However, simply intending to remain family-owned does not always lead to easy decision making regarding how best to pass down the business. In this piece, James Boustead from Rickard Luckin explores the issues around handing down the family firm.


That issue will turn on a number of factors, including the tax implications, but importantly whether:

  • The older generation are ready to pass control of the business, both day-to-day and strategically, down to the next generation

  • The older generation want to receive full or partial payment for the value of their equity in the business

  • The older generation have sufficient capital and/or income sources available to them for their retirement

  • All of the older generation’s children are working in the business or if there are children outside the business that they are keen to ensure also share in a fair proportion of their estate

  • There is no natural heir to owning the business but where it has historically passed down the family and culturally being bought by a larger business may not be suitable for it.

Depending on the answers to those key questions, and the particular weighting that a business owner gives to them at that point in time, a transaction with the purpose of succession can potentially take place.


There are a number of options that could be considered.
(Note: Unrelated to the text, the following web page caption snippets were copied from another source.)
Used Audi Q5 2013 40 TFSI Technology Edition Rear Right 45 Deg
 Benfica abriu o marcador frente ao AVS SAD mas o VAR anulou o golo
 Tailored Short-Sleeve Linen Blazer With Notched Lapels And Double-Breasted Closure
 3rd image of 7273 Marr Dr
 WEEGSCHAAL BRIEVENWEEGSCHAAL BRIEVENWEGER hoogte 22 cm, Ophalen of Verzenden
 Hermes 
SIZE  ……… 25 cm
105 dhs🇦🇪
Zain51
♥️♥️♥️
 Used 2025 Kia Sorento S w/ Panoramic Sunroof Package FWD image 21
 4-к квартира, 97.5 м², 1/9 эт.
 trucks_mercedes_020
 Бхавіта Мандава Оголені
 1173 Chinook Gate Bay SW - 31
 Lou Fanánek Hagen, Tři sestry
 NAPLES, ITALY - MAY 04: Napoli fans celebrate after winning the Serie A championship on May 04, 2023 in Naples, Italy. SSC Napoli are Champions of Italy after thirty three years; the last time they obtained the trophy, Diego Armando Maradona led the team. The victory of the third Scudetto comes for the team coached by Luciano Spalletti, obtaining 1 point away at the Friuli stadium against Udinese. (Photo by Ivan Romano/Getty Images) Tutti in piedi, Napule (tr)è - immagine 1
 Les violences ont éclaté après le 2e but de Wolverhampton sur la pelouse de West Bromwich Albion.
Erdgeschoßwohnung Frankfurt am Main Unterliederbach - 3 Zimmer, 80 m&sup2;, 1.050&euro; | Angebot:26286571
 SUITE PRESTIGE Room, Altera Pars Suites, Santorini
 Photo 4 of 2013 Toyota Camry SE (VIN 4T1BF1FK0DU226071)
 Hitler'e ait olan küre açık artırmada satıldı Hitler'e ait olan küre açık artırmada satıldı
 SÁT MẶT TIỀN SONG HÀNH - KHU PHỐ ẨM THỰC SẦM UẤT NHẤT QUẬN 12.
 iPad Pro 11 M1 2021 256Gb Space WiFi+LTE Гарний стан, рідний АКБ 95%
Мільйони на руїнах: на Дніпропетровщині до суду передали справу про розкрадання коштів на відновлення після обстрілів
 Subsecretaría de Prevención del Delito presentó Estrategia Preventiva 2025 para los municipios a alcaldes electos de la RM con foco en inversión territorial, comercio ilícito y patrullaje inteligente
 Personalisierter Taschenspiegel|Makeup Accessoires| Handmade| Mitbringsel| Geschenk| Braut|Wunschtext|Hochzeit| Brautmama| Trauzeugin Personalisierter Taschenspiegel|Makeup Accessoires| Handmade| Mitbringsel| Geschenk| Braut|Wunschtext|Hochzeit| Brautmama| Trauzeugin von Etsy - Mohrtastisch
Although less common than simply gifting the business, management buyout (MBO) or share buyback, growth and freezer shares are becoming more popular in family business scenarios.


The broad premise is that the older generation protect their existing equity in the form of freezer shares entitled to a preferred amount of value on an exit event, and in some cases a preferred dividend coupon on that value and possibly voting control being retained as well. The future growth then belongs to the next generation.


Growth share planning might be appropriate when there is a desire not to pass down too much equity too early, but perhaps the older generation do not need or want any equity from the business as yet.


Alternatively they may want to retain voting control and stay actively involved in the business, or perhaps the business cannot easily raise a large capital payment for their equity, and instead the solution is to give the older generation a right to an income on those shares. For those considering inheritance tax (IHT) implications, it is worth noting that the freezer shares can potentially qualify for 100% relief from IHT, whereas cash or an IOU would not.


Employee Ownership Trusts (EOTs) may also be a less common but suitable option for family business owners to consider. EOTs have gained a lot of popularity in recent years and where a natural family successor doesn’t exist and the cultural change of a sale to a larger third party may not be suitable, EOTs may present a tax-efficient, viable option.


Whatever the future holds, it is important to start the conversation early and to plan for the future in good time to ensure that plans and wishes can be implemented accordingly.